A Liberian, accused of hiding his past as a top brass to warlord Charles Ghanky Taylor, has been convicted on federal immigration fraud charges in Philadelphia, USA.
Thomas Jucontee Woewiyu is the second historic verdict of its kind in Philadelphia and one that renewed calls for further accountability in the West African nation where war criminals have gone largely unpunished for decades, US media reports said recently.
It said Woewiyu, 73, was former spokesperson and defense minister for Taylor’s National Patriotic Front of Liberia (NPFL), and is the highest-ranking official to be found guilty of crimes tied to the numerous documented atrocities that occurred during Liberia’s civil war that spanned some 14 years.
His conviction comes months after a Liberian in East Lansdowne, Mohammed “Jungle Jabbah” Jabateh as sentenced to 30 years in prison in a similar case tied to misdeeds committed while fighting against Taylor’s forces.
Neither Woeiwyu nor Jabateh was specifically charged with the acts of torture, ethnically targeted killing, and conscription of child soldiers that government witnesses attributed to them or their fighters.
But during the civil war, Woewiyu and his buddy Taylor fell out over policy differences, with the then Defence Minister joining ranks with lawyer Laveli Supuwood and Samuel Dokie, all top NPFL figures, to form a breakaway faction.
Dokie was to die later in a bizarre fashion and his body and those of three others found near his vehicle scarred and abandoned along the Gbarnga highway.
The reports said federal prosecutors and human-rights advocates claimed victory in the convictions of both Woewiyu and Jabateh.
The US media reports said in keeping with his stoic behavior throughout the three-week trial, Woewiyu sat stone-faced as the jury forewoman read out 11 guilty verdicts to counts including perjury and attempting to fraudulently obtain U.S. citizenship.
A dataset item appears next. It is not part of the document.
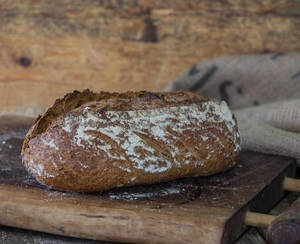 לחם שיפון קימל כפרי עם זרעי קימל, לחם שאור ממחמצת טבעית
He was acquitted of five additional counts.
Woewiyu declined to comment as he left the courthouse with his family after the verdict, while U.S. District Judge Anita Brody ordered him kept under house arrest until his sentencing in October.
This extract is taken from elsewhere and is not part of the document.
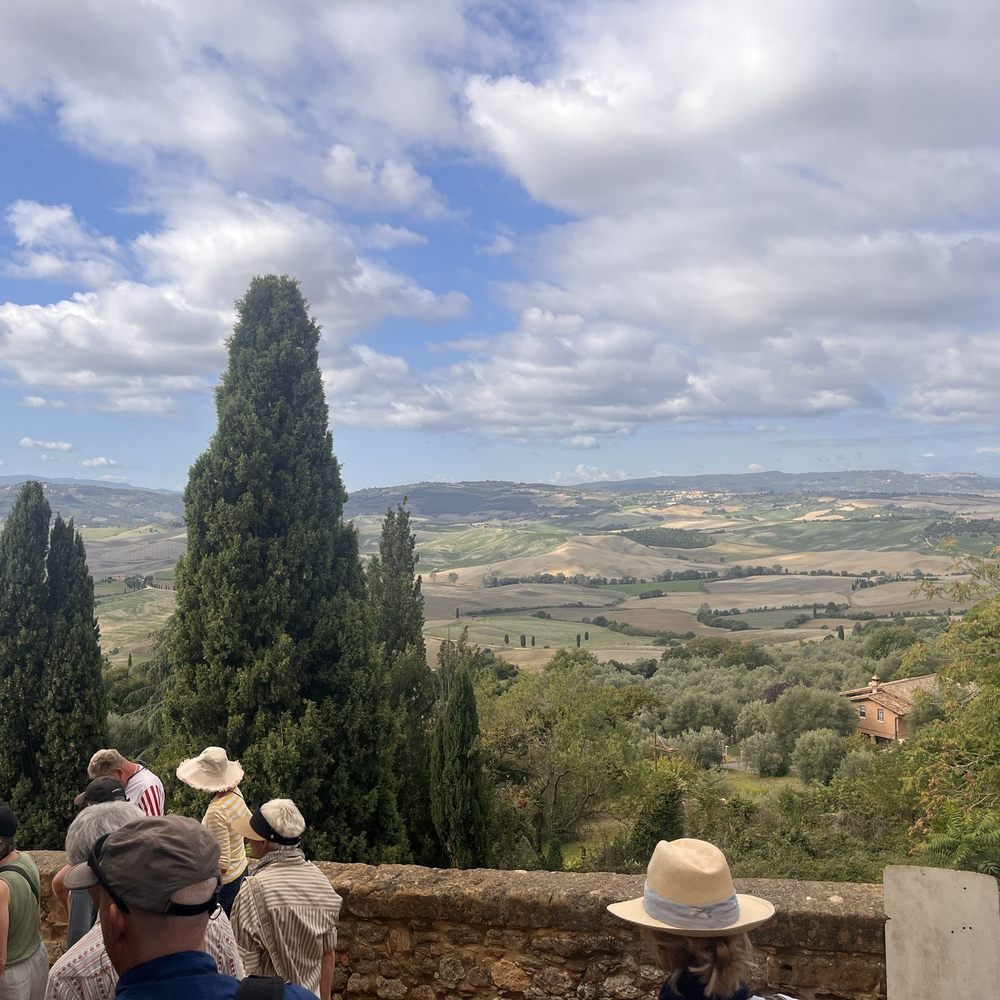 Pienza - View to the south - Landmarks & Historical Buildings Near Me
Much of the testimony during the trial came from about a dozen Liberians flown in from Africa to recount their experiences during the war, according to the media reports.
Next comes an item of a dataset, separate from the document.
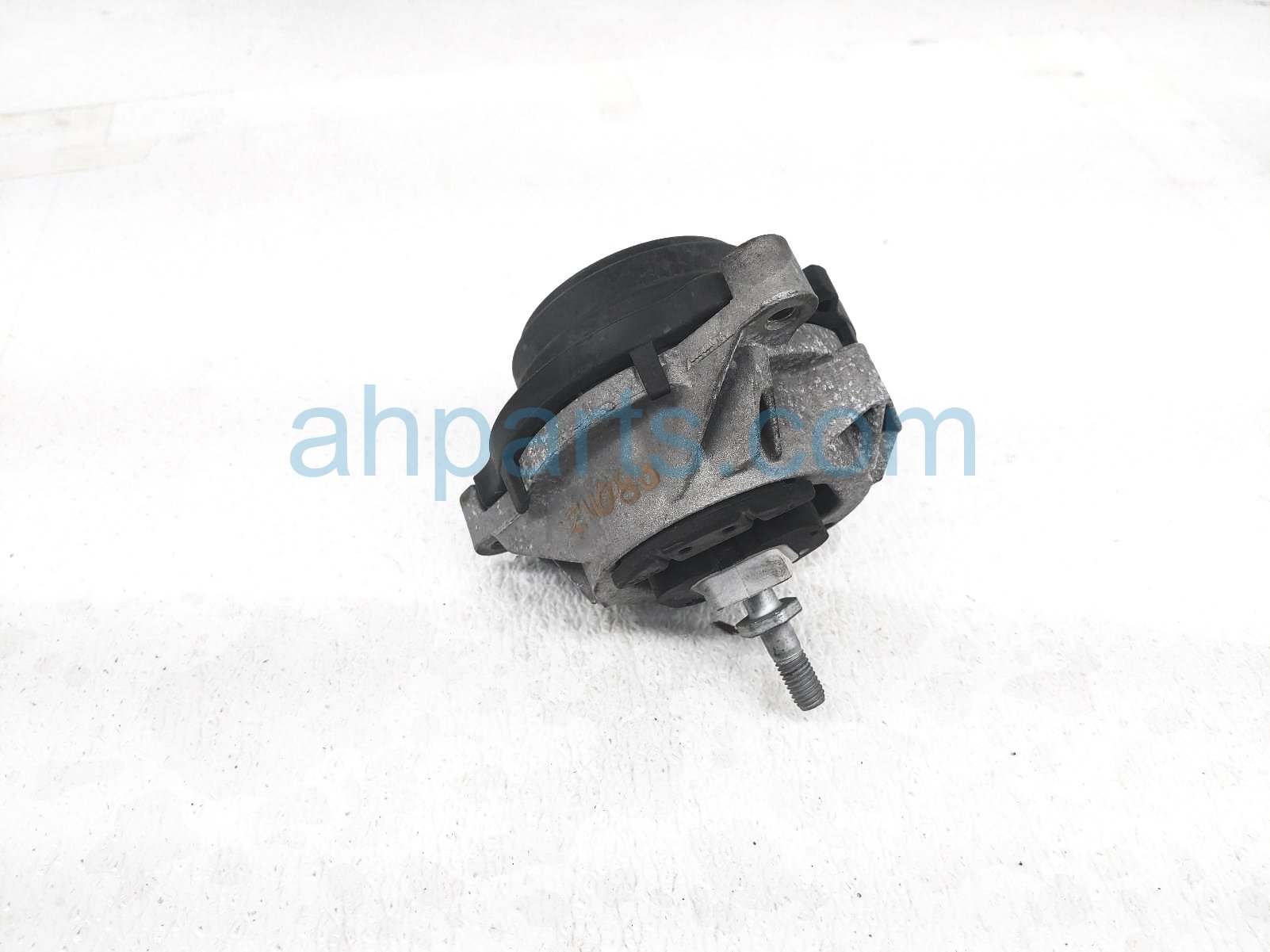 $35 BMW RH ENGINE MOUNT - 2.0L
Since his 2014 arrest at Newark International Airport, Woewiyu has maintained that he was unaware of the worst excesses of Taylor’s regime and that he always had been open with U.S. authorities about his ties to the NPFL.
At the height of the conflict in the 1990s, he had frequent conversations with U.S. State Department officials and discussed his role in depth with FBI agents investigating another Liberian in 2012, the reports said.